Would it not be better for the United States, given the hundreds of billions of dollars in aid money that around the world is stolen by assorted despots and oligarchs, not to “resume its leadership in the humanitarian field” – which only means we give away the most money, to the deserving and undeserving alike – but to assume a different kind of leadership, in making sure that aid money goes only to those states and groups whose leaders are not thieves, and whose regimes do not provide lifetime stipends to terrorists and their families? If the Biden Administration is eager to “quickly” give out money, why not start with the truly needy, who do not support terrorist murderers, and do not have leaders who grab much of the aid money for themselves? Why not give more to the people of Nepal, or to Bolivia, or to Ethiopia, or Laos, or South Sudan, instead of to the Palestinian Arabs who, for 72 years, have been the spoiled children and past masters of what, in their case, is less about “humanitarian aid” and more about a long-running refugee-aid racket?

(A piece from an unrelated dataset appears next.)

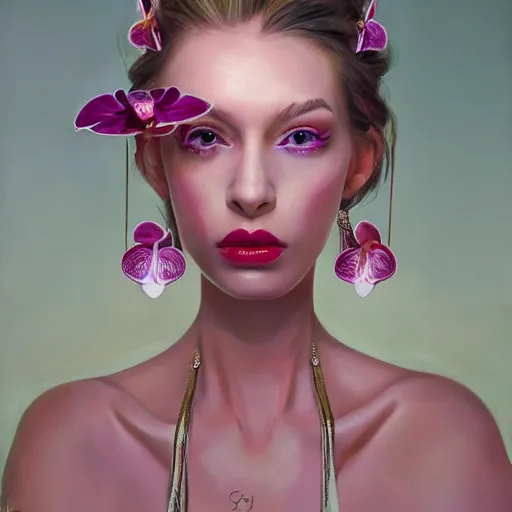 Image similar to a portrait of an intensely lit orchid mantis woman full of piercings, modeling, white and pink, oil painting, pale colors, high detail, 8 k, wide angle, trending on artstation,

How does the Biden Administration plan to deal with scandal-ridden UNRWA? Will it contribute to that agency even though its schoolbooks remain full of antisemitic passages? Isn’t withholding funds the best way – the only way – to eventually bring about the removal of texts which would not be out of place in the Third Reich? And does the Administration intend to resume aid to UNRWA without discussing the preposterous definition of a “Palestinian refugee” that has been foisted on the world? How will there ever be an end to the “Palestinian refugee” bloat if their numbers are uniquely allowed to keep growing, for reasons no one can either articulate or understand?

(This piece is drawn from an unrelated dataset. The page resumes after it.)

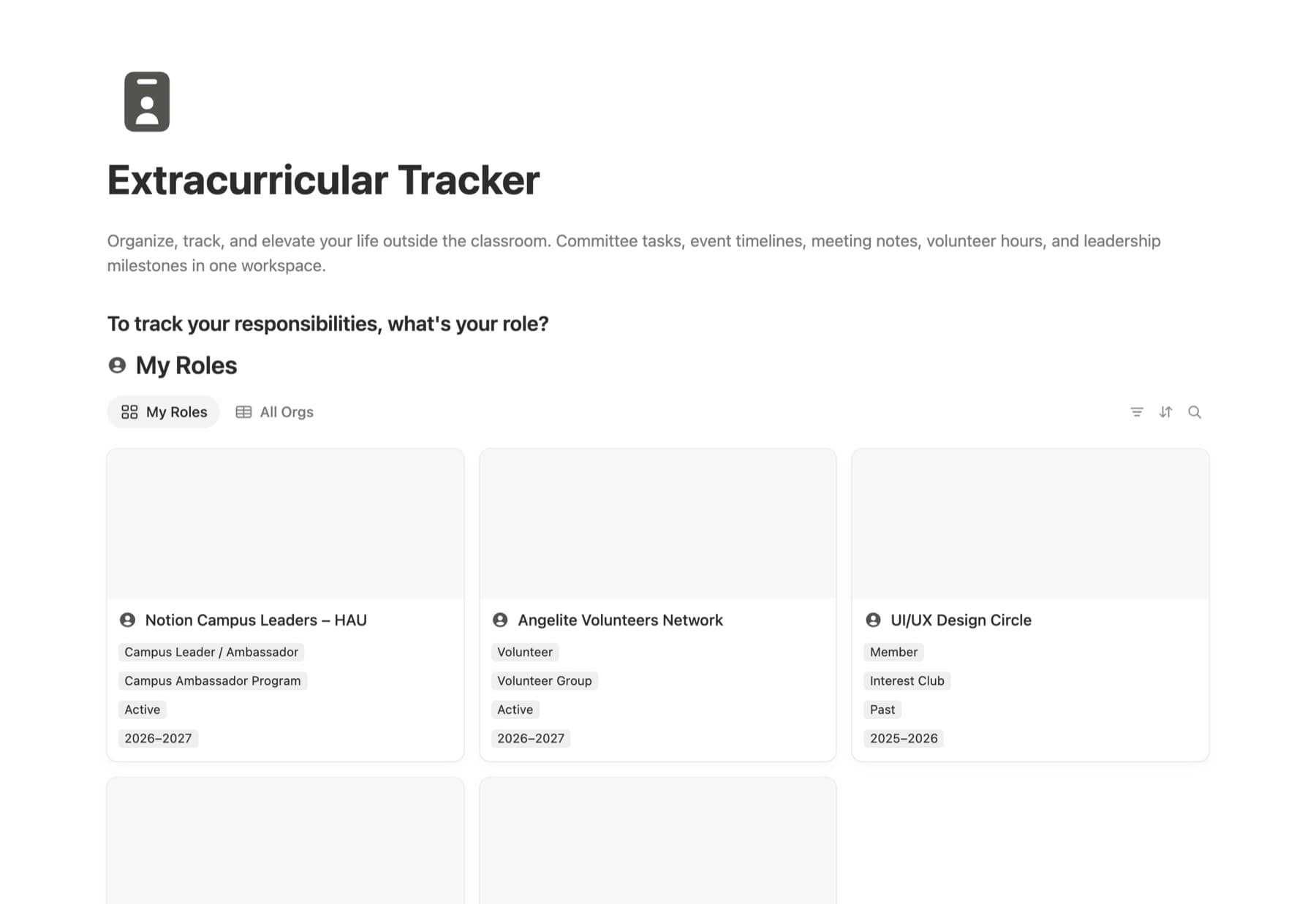 Extracurricular Tracker preview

And how does the Biden Administration intend to get around the Taylor Force Act, which forbids the American government from aiding the Palestinians as long as they continue giving subsidies to terrorists and their families through their “Pay-For-Slay” program? Does President Biden think he has found a way to ignore that law? Or is Mahmoud Abbas, who knows full well that, as Muhammad said in a famous hadith, “war is deceit,” planning to disguise those subsidies as something else – say, simply “aid to poor families,” their poverty a result of their major breadwinner being either dead or imprisoned for life? That might get by with some, but it won’t pass muster in Congress. The Taylor Force Act is not an executive order that Biden can easily undo. It’s a law.

Haste, unseemly haste. Makes all kinds of waste. Don’t rush to offer financial solace — sorry, “humanitarian aid” — to Mahmoud Abbas. But do ask him how he’s enjoying his $13 million palace in Ramallah, and his $50 million jet parked nearby, and the $400 million fortune — some say he now has more than $500 million, but who’s counting? — he’s acquired, and the money he continues to receive from foreign donors that is sent directly to his office, and from there is transferred into foreign bank accounts that have been opened in the names of his grandchildren. He’s a doting grandfather. I’m sure he’d love to talk about them.